The single biggest regret of my high school career is how much I disappointed Señor on the night before the first day of school my senior year. It was a tradition at our school for the four senior class officers to give a speech to the entire school at an assembly on the morning of the first day of school. Each of us was assigned a class of students to address. As VP, I got the juniors.
Despite constant reminders from Señor and Ms. Simpson (the other senior class advisor and Señor’s best friend) throughout the summer, I continued to put off writing my speech. The day it was due, I sent a quickly assembled paragraph to both of them and considered my duties complete, despite knowing that it wasn’t even close to living up to the standards I knew I could hit.
That night, the night before the first day of school, I went to the school with a large group of my classmates to “paint the rock” - which is exactly what it sounds like. It was tradition for the new seniors to spray paint the big rock in front of our school before the first day each year with some slogan about how great their class was. We decided, however, to take it to the next level by also writing slogans and designs in sidewalk chalk all over the walkways in front of the school.
Somehow, the word of our chalking spread to faculty. They grudgingly allowed the painting of the rock, but extending our antics to sidewalk chalk was considered defacing school property. Some staff members showed up at the school to tell us all off and send us home. As I was standing on the lawn, surrounded by the small chaos of wily kids getting wrist slaps, I got a call from Señor Gilkey.
I don’t remember the exact words of our conversation, but the sentiment was this: disappointment. He couldn’t believe I was one of the students chalking the school, since I was supposed to be a leader. And he especially couldn’t believe I was doing this when I had handed in such a terrible speech for the next morning. I will never forget the feeling of letting down the one person I most wanted to impress, and knowing that I couldn't even remotely begin to defend myself.
To this day, I’m not sure what made me knowingly let everyone down that night. Maybe I wanted to feel what it was like, for once, to be less than perfect when it came to school. To know what it felt like to half-ass something. Maybe I wanted to test the limits of my own rebellion, no matter how subtle. Or maybe I was simply overwhelmed and allowed myself to crack, just a bit.
Regardless of why, I strained my relationship with Señor that night and a few months later he was dead.
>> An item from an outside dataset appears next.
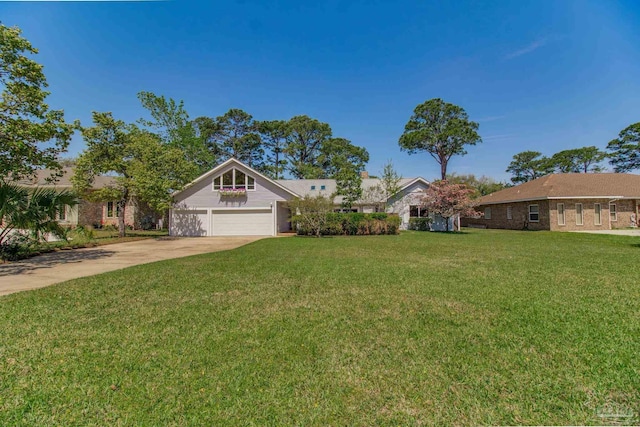view of front facade with a front yard and concrete driveway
After my lapse of judgment with that situation, I took my position very seriously and worked to restore my reputation in his eyes, but I don’t think he ever looked at me the same way. And I was robbed of the chance to convince him that I was the person he once thought I was.
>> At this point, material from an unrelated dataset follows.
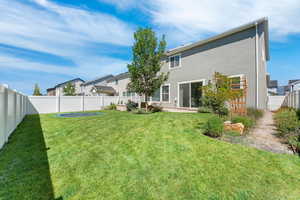 Rear view of property featuring a fenced backyard and stucco siding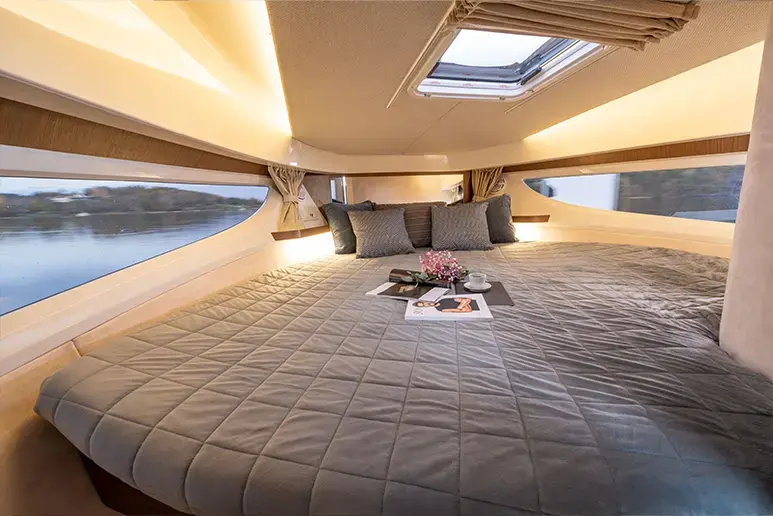 Interior del Marex 330 Scandinavia con cama doble, ventanas laterales y tragaluz superior.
I think that’s why his death hit me so hard. I was mourning him and the wonderful person he was, but I was also mourning the loss of my biggest role model and the absence of a chance to restore my relationship with him to the point where it used to be, to the place I thought it deserved to be. He died thinking I was good, maybe, but not great - and that still haunts me, to this day.
At our graduation ceremony a few months after he died, they left an empty chair on the stage where Señor would have been sitting. I helped to orchestrate a tribute to Señor that day. We got roses for every graduating senior and passed them out before the ceremony. As each of us walked across the stage, we dropped a rose onto his empty chair. Each rose was a thank you, an I miss you, a tribute to the memory of a great man who helped to shape each of us into the people we were as we crossed that stage.
I hope that, wherever he is, Señor smiled down on that pile of roses and knew he was loved. I hope he knew that each rose represented just a tiny piece of the massive impact he left on this world - an impact that is still felt, to this day. In the years since he died, I’ve worked hard to show Señor that I can be the person he saw that I could be.
Wherever he is, I hope he’s proud of who we’ve all become.